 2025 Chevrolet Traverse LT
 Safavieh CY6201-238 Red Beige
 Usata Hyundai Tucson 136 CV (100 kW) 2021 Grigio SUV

---*---

WHAT YOU ARE ASKED TO DO: Write out the whole listing exactly as it stands.

OUTPUT OF THE EXERCISE:
 2025 Chevrolet Traverse LT
 Safavieh CY6201-238 Red Beige
 Usata Hyundai Tucson 136 CV (100 kW) 2021 Grigio SUV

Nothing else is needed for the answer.